Many adults are now coloring across the country as well as a form of stress relief. Adult coloring books have become a hot trend, with companies like Crayola releasing their own line of books. Both Millen and Muldoon see pros and cons to this.
Muldoon said she gets frustrated when people view coloring as “fun and trendy,” when it is something that she uses to help her cope with serious issues. She believes that “everyone wants to color for ‘therapy’, but not everyone truly understands the need for such therapy.”
She said, however, the growing trend has expanded the options of books available, and lessened the negativity surrounding adults who buy coloring books as being “childish” or a “loner.”

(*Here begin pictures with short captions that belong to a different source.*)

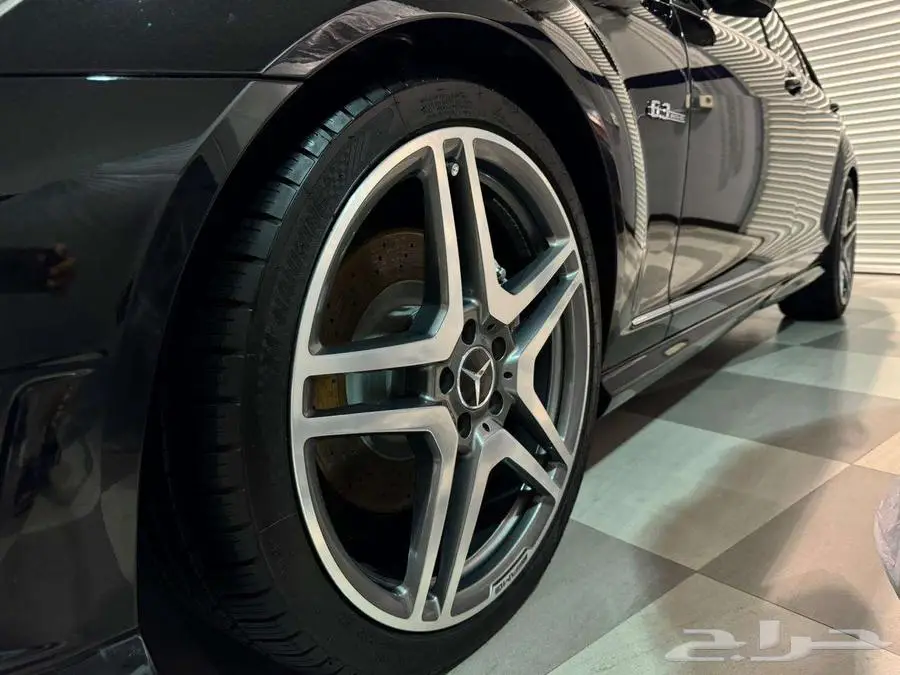 Mercedes مخزن كالجديد العداد (40) الف بدي وكاله عالشرط 1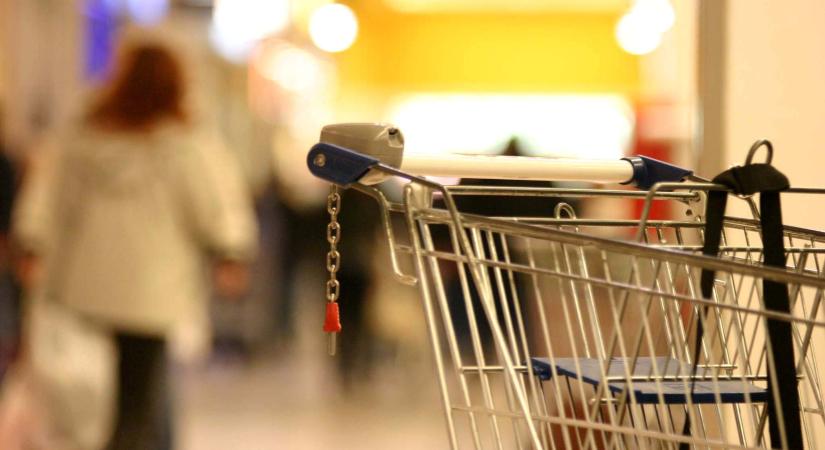 Már nálunk is érződik az olajársokk, de az erősebb forint sokat segített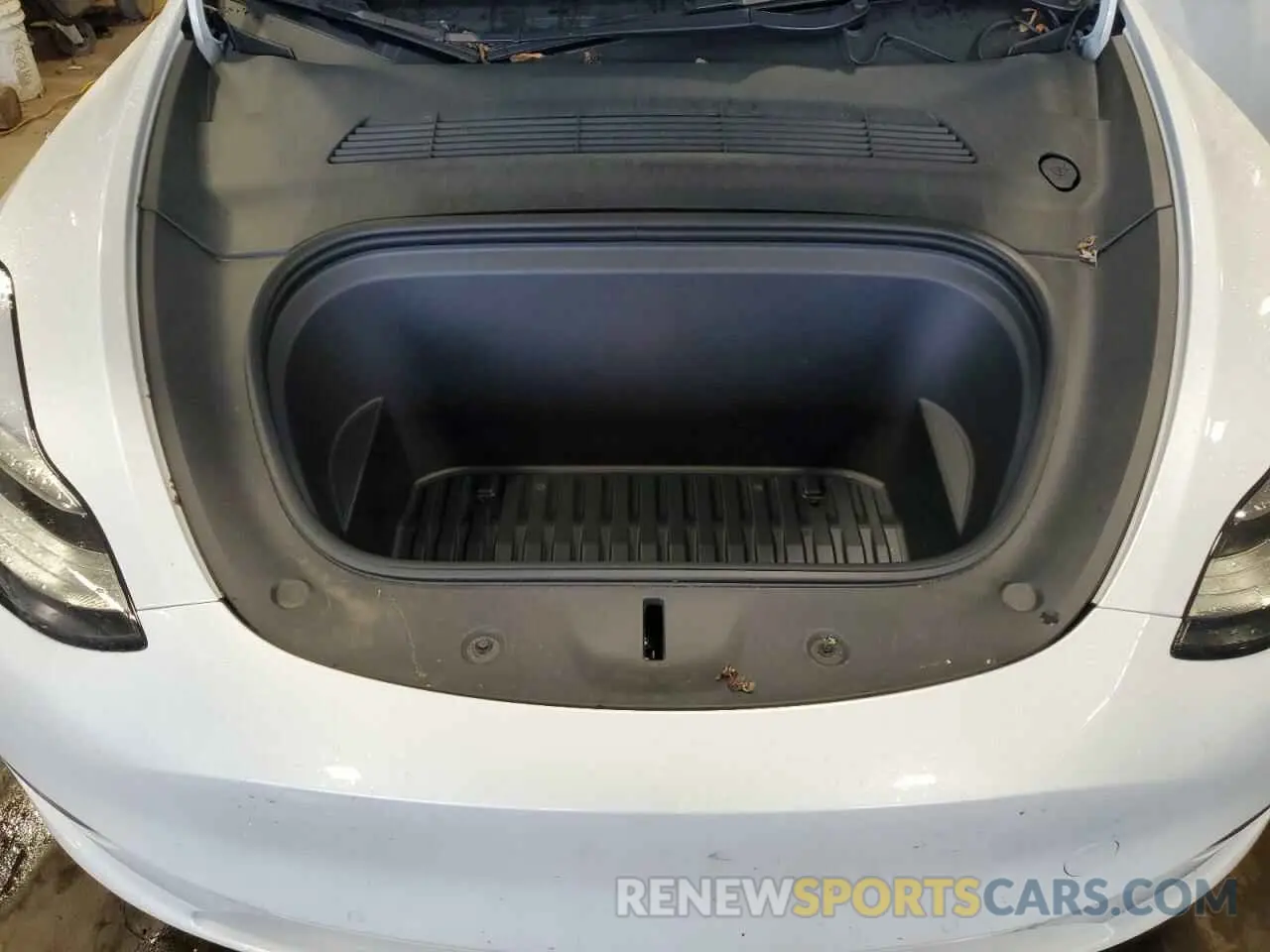 11 Photograph of a damaged car 7SAYGDEEXNA012904 TESLA MODEL Y 2022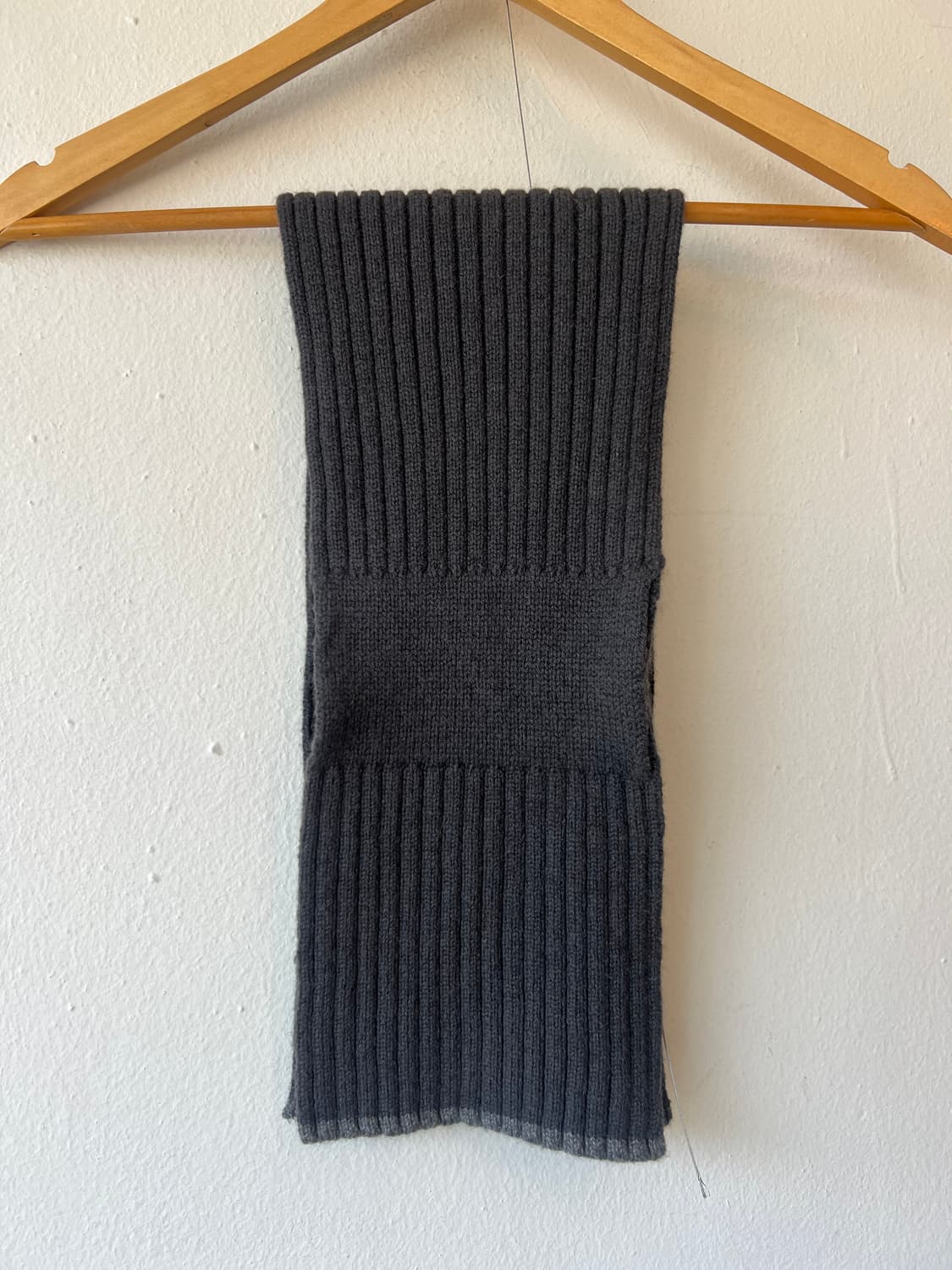 아떼 athe 바네사브루노 차콜그레이 울캐시미어 넥워머 쁘띠머플러 상품이미지4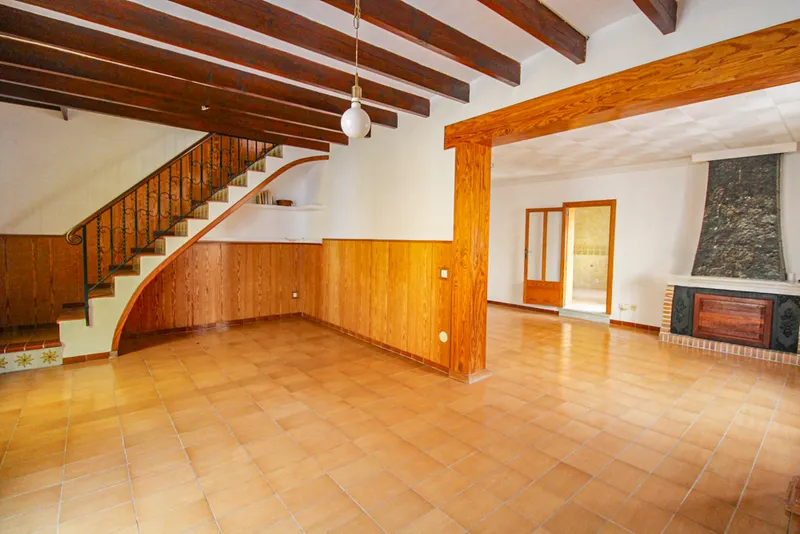 Ref.2451C – S'Arraco – Townhouse in central location with patio — photo 7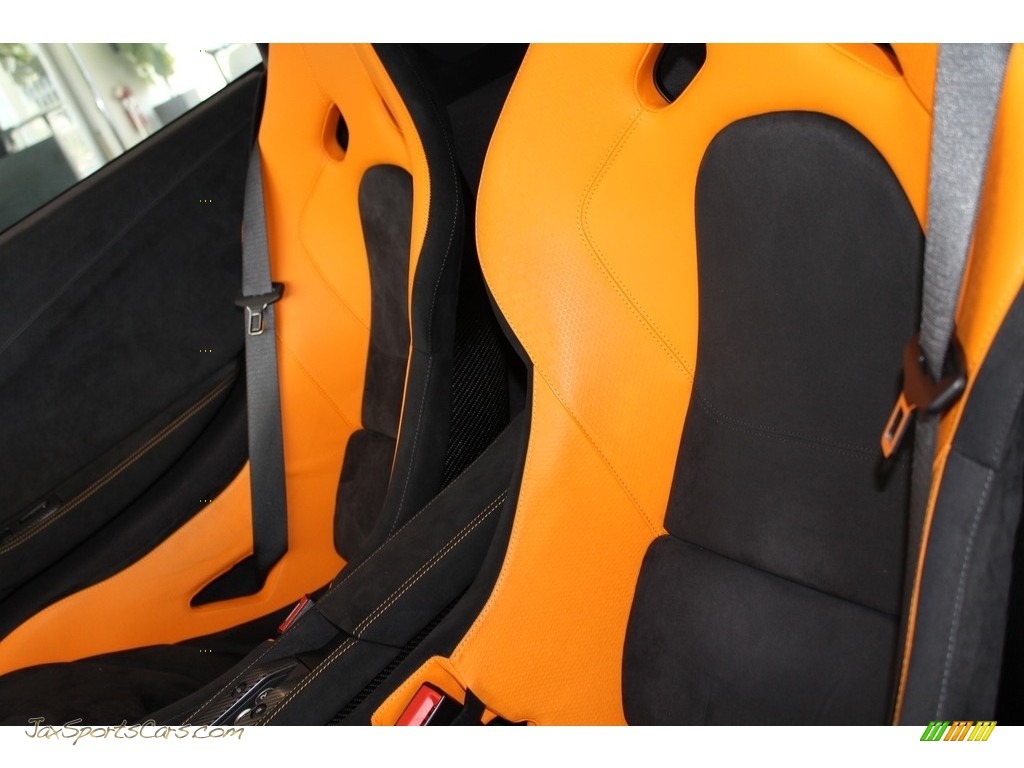 2016 675LT Coupe - Chicane / Carbon Black/McLaren Orange photo #40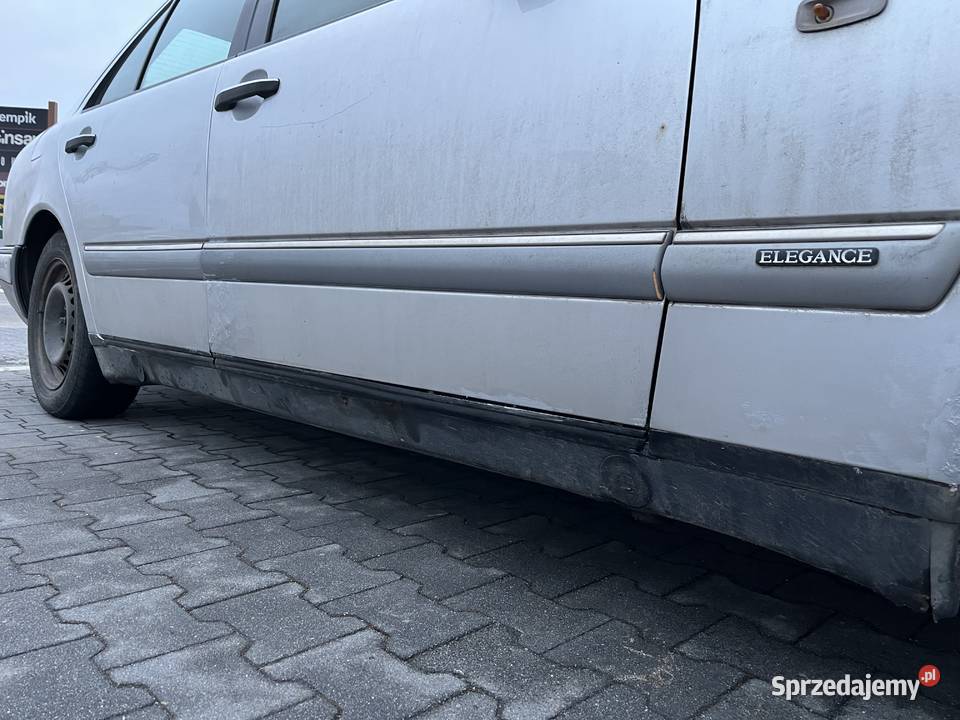 Mercedes w210 E200 kompresor 186 automat LPG Rok produkcji 1999 Łomianki Dolne sprzedam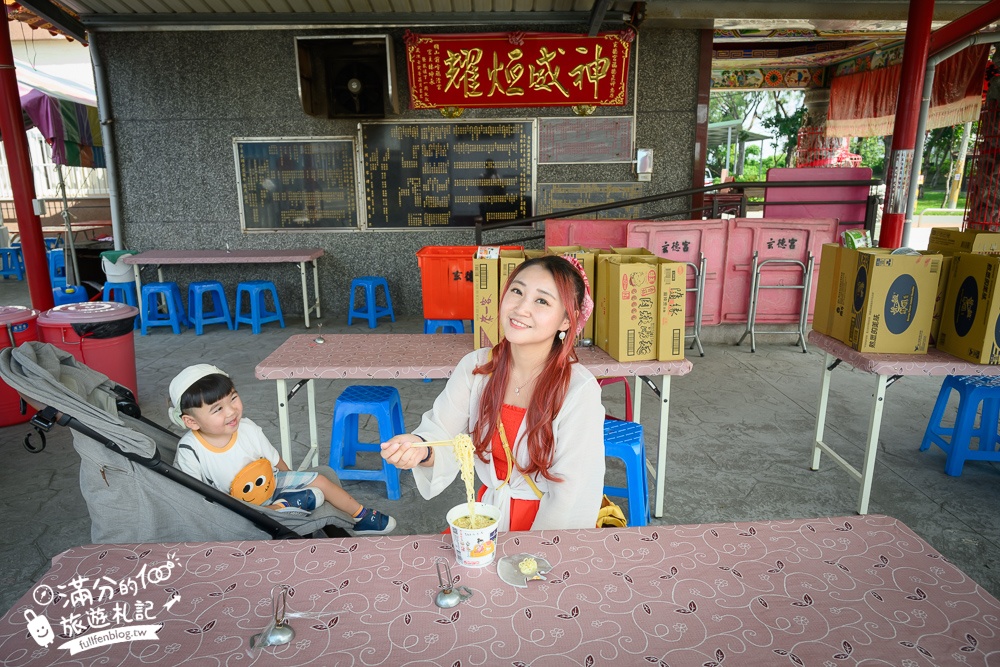 高雄泡麵土地公【永安烏林投玄德宮】南台灣唯一看海景吃泡麵的土地公廟,觀景視野佳,有拜有吃有保佑!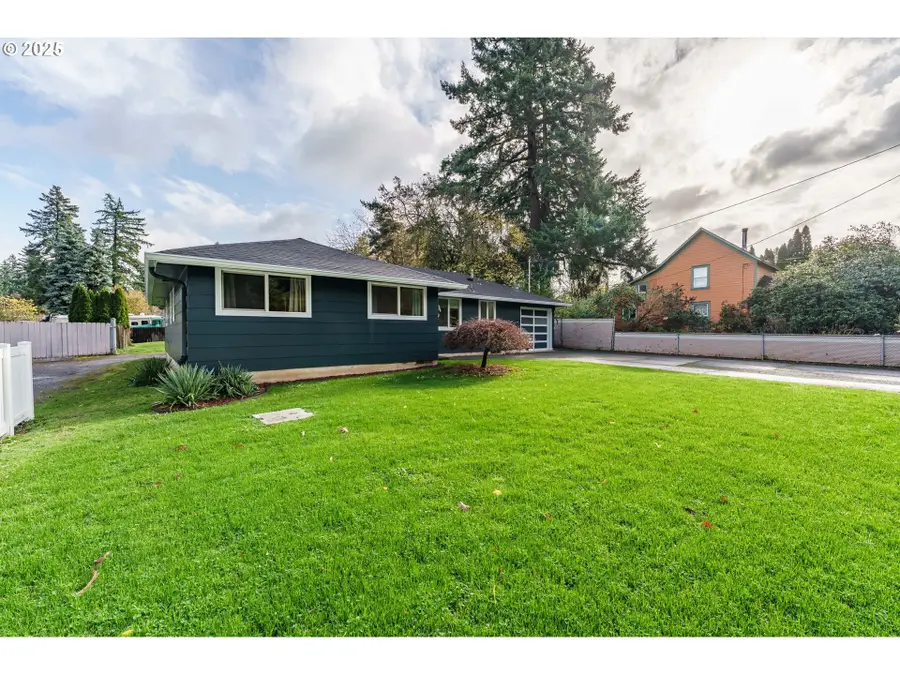 9820 SE Wichita Ave, Milwaukie, OR 97222 - Image #3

As an art therapist, Millen strongly believes in the power of using art materials to heal and soothe, and feels that it can be useful when paired with other coping methods.
“While [coloring] relieves anxiety, it does not address the root of the anxiety,” Millen said. “Like napping, the issue that causes the anxiety will still be there when you ‘return.’ I’d put coloring in the category of distraction—necessary, useful, and to be used as part of diverse toolbox of coping skills.”
Muldoon and O’Meara use this “tool” to calm anxious thoughts, and O’Meara is very thankful to have been introduced to coloring. It is something both women find comfort in.
“Yes, it’s true that sometimes when I break out my coloring book I really should be doing homework,” Muldoon said. “But at the end of a long, rough day, coloring is something I really look forward to doing.”
Millen believes there is something “profoundly healing” about art. She said it’s not about making things that look good—it’s about making things that very accurately manifest what her clients want to express. Her goal is to help them increase their expression so that they can get to a place of seeing what they made and say, ‘Yes! That’s it. There’s something about what I just made that just says what I can’t quite put into words.’
“‘Creating’ is a skill that translates to our relationships with ourselves, others, our jobs [and] our community,” Millen said. “Not only do I want people to color outside the lines, I want them to go entirely off the page and into the practice of creating their own unique vision as a life-long skill. To begin that process, we have to be brave enough to make our own mark on a blank page.”